### WHAT IS REQUIRED
Working through the lines below, return each one that holds "Images".

### PROVIDED DATA
::::::::

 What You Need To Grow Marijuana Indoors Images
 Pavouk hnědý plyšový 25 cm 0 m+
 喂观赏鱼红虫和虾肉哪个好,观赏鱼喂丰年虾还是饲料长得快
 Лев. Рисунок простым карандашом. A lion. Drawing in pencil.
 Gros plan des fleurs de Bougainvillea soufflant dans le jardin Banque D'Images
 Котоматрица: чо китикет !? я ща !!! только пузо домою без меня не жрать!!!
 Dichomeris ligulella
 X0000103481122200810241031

::::::::

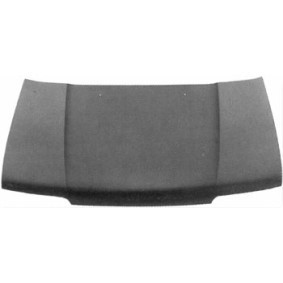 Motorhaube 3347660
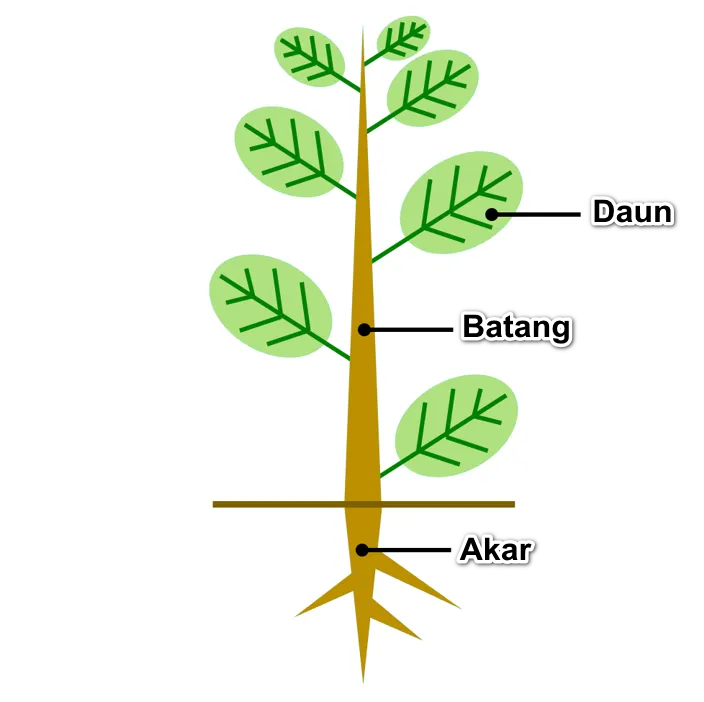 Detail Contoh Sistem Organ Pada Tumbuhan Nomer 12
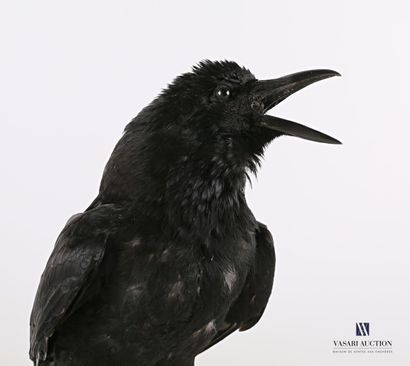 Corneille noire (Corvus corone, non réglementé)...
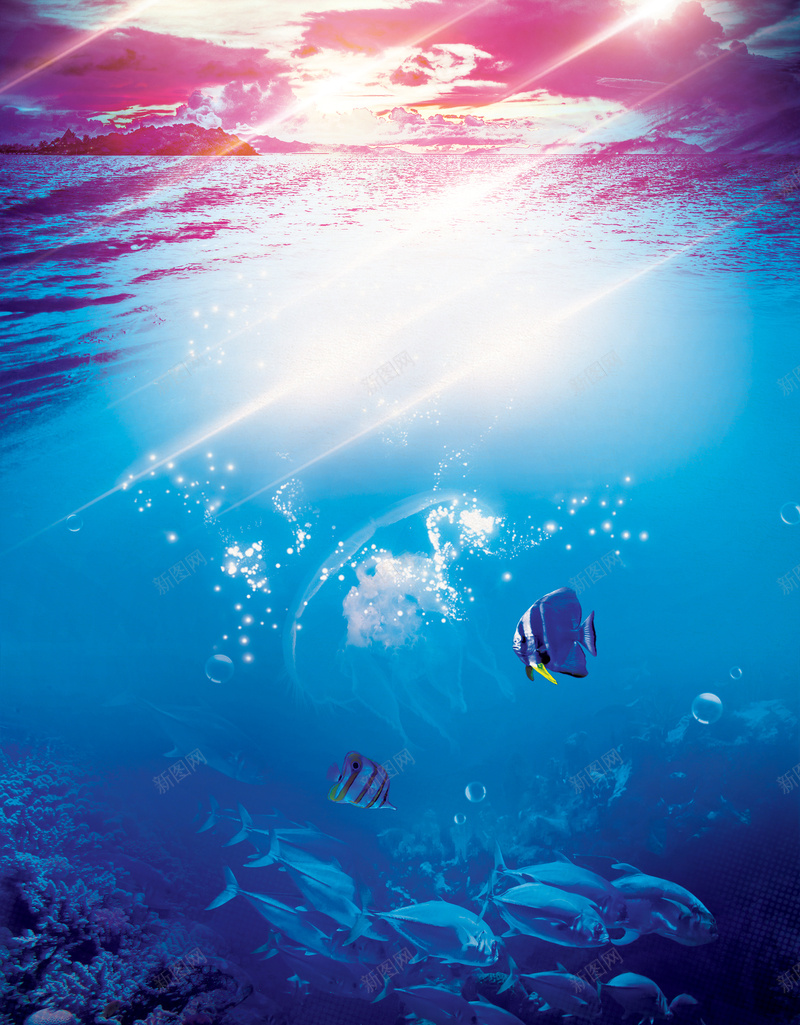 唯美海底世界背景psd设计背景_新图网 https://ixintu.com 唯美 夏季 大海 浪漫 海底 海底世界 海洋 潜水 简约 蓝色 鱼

::::::::

### ANSWER TO THE PROBLEM
 What You Need To Grow Marijuana Indoors Images
 Gros plan des fleurs de Bougainvillea soufflant dans le jardin Banque D'Images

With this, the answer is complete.